This example is provided in conjunction with Configuring Hub-and-Spoke VPN Topologies: One Interface. This example also uses the topology illustrated in Figure 22.
If egress features are needed on the hub PE that require an IP forwarding lookup on the hub VRF routing table, the configuration detailed in Configuring Hub-and-Spoke VPN Topologies: One Interface will not work. Applying the vrf-table-label statement on the hub routing instance forces traffic from a remote spoke PE to be forwarded to the hub PE and forces an IP lookup to be performed.

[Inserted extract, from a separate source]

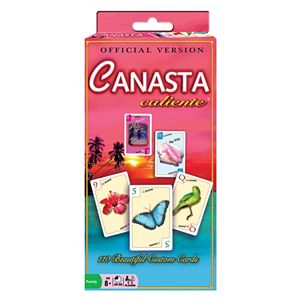 Canasta Caliente Game by Winning Moves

Because specific spoke routes are in the hub VRF table, traffic will be forwarded to a spoke PE without going through the hub CE.
The hub PE advertises the default route as follows, using VPN label 1028:
hub.inet.0: 7 destinations, 7 routes (7 active, 0 holddown, 0 hidden)
* 0.0.0.0/0 (1 entry, 1 announced)
BGP group ibgp type Internal
Route Distinguisher: 10.255.14.176:2
VPN Label: 1028
Nexthop: Self
Localpref: 100
AS path: 100 I
Communities: target:200:101
Incoming traffic is forwarded using VPN label 1028. The mpls.0 table shows that an IP lookup in the table hub.inet.0 is required:
1028 *[VPN/0] 00:00:27
to table hub.inet.0, Pop
However, the hub VRF table hub.inet.0 contains specific spoke routes:
10.49.10.250/32 *[BGP/170] 00:00:05, localpref 100, from 10.255.14.182
AS path: 100 I
> via t1-0/1/0.0, Push 100352, Push 100208(top)
10.49.10.253/32 *[BGP/170] 00:00:05, localpref 100, from 10.255.14.178
AS path: 100 I
> via t1-0/1/0.0, Push 100128, Push 100192(top)
Because of this, traffic is forwarded directly to the spoke PEs without going through the hub CE. To prevent this, you must configure a secondary routing instance for downstream traffic in the hub PE1.